GIRAFFE: Representing Scenes as Compositional Generative Neural Feature Fields
Michael Niemeyer, Andreas Geiger
The paper presents a generative neural feature fields based approach for representing scenes as compositional generative neural feature fields for the disentanglement of objects from the background as well as individual object shapes and appearances while learning from unstructured and unposed image collections.
The model learns a disentangled representation of individual objects in a scene by using separate latent vectors for each object and allows rotation, translation, and change in the camera pose of objects.
- A novel method for generating scenes in a controllable and photorealistic manner while training from unposed images.
- Incorporating a compositional 3D scene representation directly into a generative model for more controllable image synthesis.
- GIRAFFE builds on the GRAF model, trained on unposed images to represent a scene as a neural feature field conditioned on two latent vectors, the appearance code: zₐ and the shape code: zₛ sampled randomly from a distribution.

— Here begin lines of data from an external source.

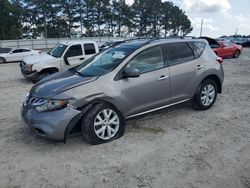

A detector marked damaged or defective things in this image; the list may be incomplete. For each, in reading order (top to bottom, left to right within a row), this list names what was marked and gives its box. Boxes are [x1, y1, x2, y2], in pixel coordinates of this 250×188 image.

crumpled hood [29, 69, 97, 98]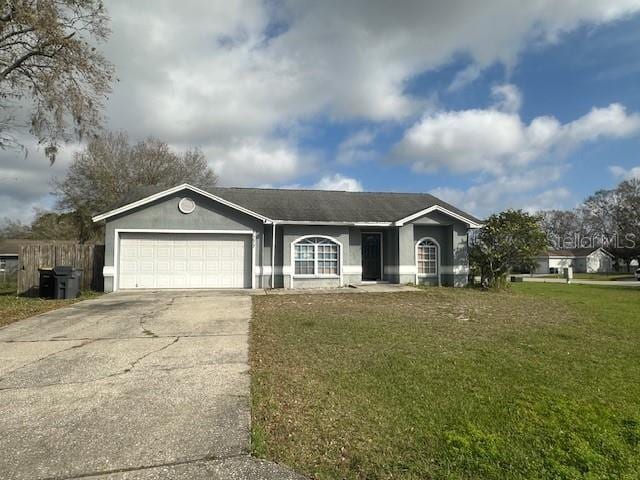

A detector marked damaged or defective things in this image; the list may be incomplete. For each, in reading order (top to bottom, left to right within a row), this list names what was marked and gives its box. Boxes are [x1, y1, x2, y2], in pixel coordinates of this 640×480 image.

cracked concrete [0, 288, 304, 480]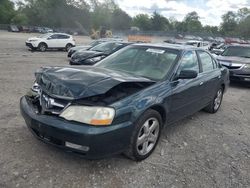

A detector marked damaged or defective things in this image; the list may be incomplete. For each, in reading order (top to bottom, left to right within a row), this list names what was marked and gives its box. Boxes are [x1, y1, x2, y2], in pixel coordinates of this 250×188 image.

damaged bumper [20, 95, 133, 159]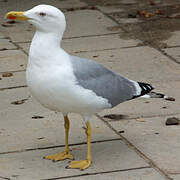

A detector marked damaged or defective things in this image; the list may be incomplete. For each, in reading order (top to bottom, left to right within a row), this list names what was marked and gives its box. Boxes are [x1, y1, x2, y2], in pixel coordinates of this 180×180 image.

pavement crack [96, 114, 174, 180]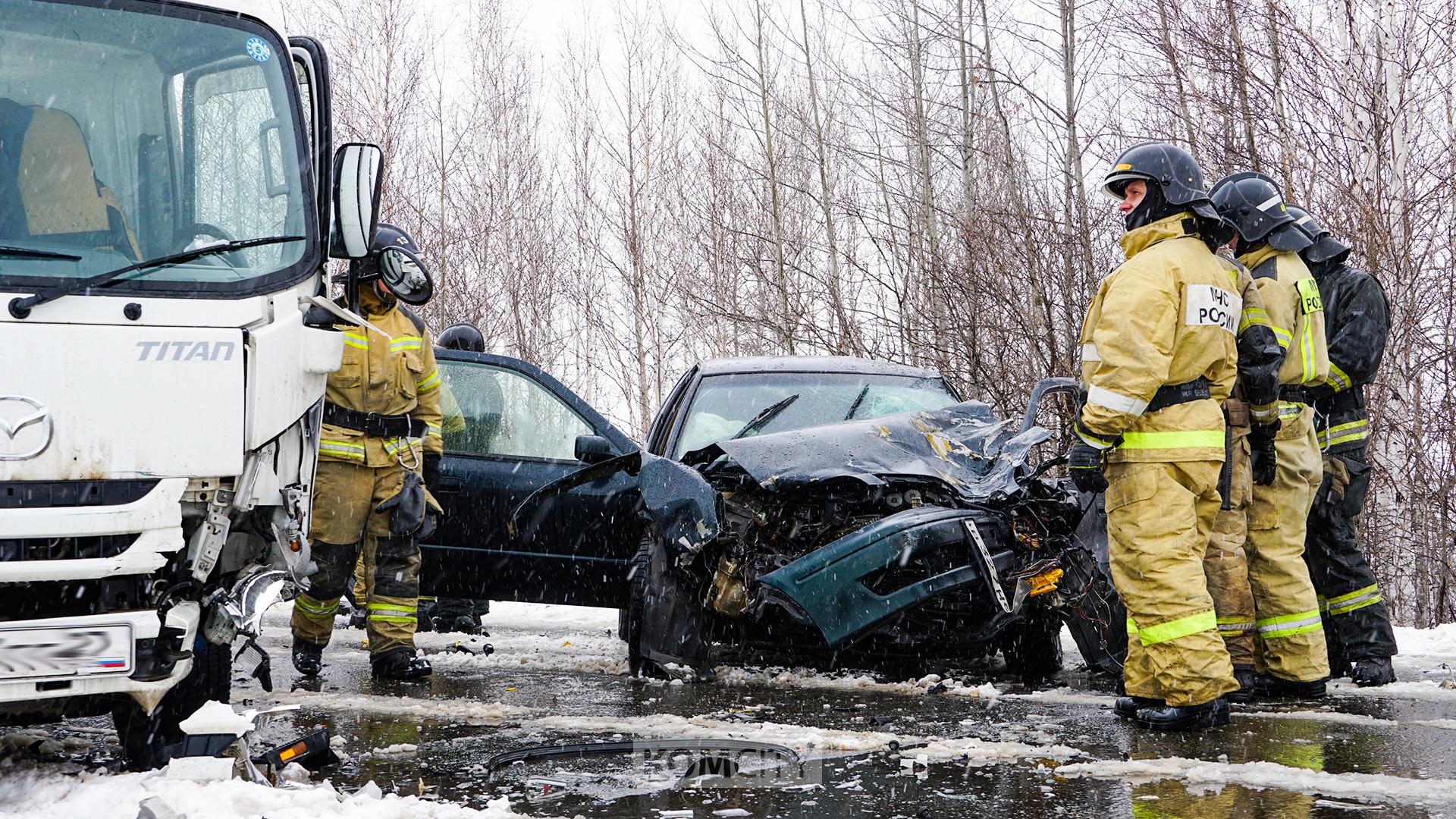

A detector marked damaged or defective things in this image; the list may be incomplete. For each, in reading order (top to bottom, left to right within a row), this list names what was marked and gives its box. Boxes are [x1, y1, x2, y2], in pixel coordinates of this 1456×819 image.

crumpled car hood [687, 396, 1054, 498]
damaged truck bumper [757, 501, 1019, 647]
detached car bumper [757, 504, 1019, 644]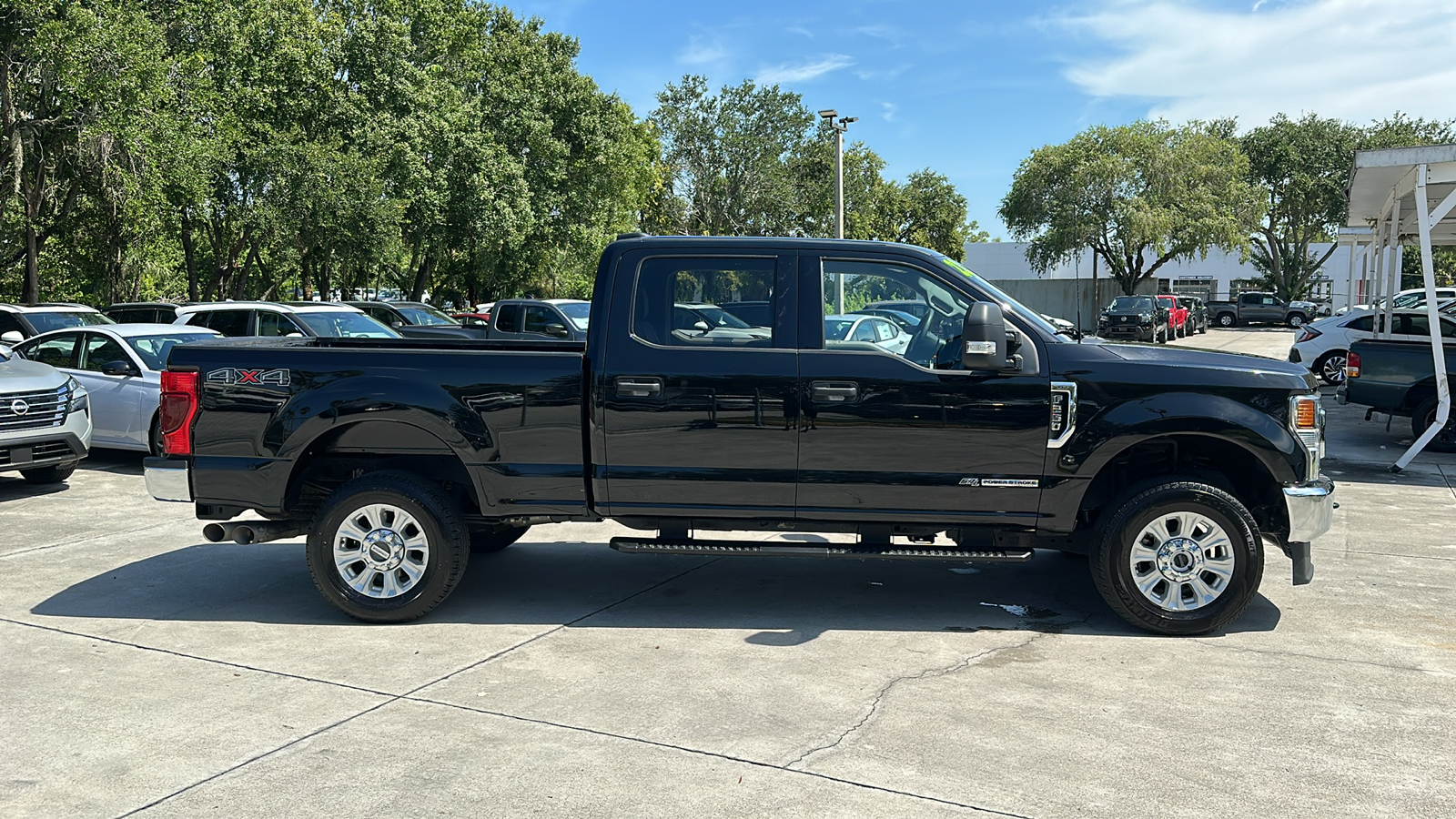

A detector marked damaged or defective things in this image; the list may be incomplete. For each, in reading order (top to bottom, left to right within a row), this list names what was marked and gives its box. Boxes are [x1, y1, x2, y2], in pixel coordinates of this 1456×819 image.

pavement crack [786, 630, 1048, 772]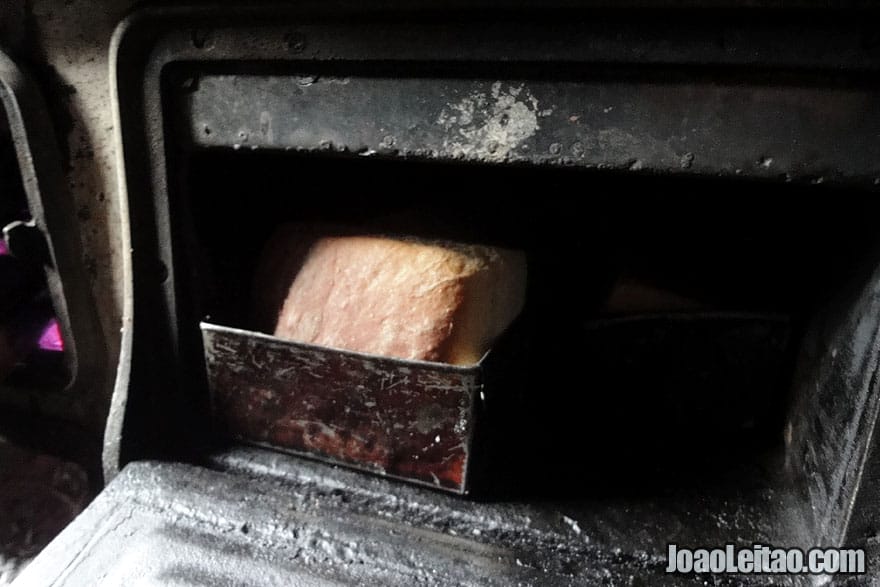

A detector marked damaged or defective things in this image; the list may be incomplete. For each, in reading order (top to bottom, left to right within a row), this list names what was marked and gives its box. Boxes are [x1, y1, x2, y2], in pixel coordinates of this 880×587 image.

rusty baking tin [202, 324, 482, 494]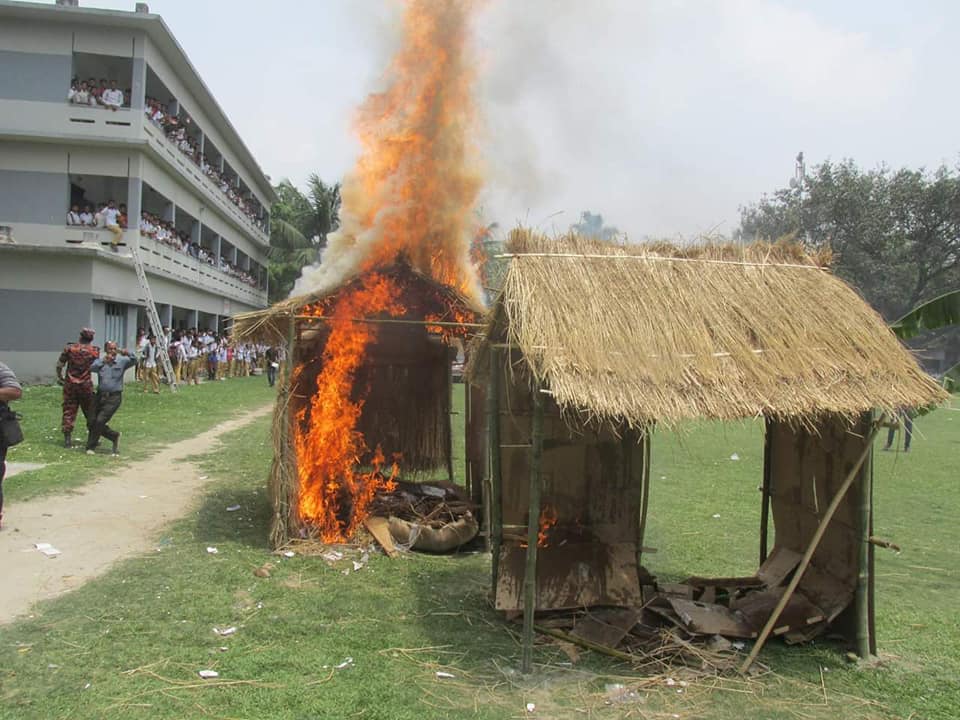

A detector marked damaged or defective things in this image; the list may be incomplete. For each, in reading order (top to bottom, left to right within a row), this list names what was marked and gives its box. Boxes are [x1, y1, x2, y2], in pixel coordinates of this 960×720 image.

rusty metal sheet [496, 544, 644, 612]
rusty metal sheet [568, 608, 644, 648]
rusty metal sheet [660, 600, 756, 640]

- A key limitation of GRAF is that the entire scene is represented by a single network without explicit control over individual scene objects, their pose, shape, and appearance. GIRAFFE extends the GRAF model architecture where for each object, separate generative neural feature fields are conditioned on randomly sampled shape and appearance latent codes.
- The compositional feature field given by the volumetric density and feature vectors for the background and objects combined is volume rendered for a sampled camera pose: ε to obtain a feature image, upsampled by a CNN renderer to get the generated RGB image.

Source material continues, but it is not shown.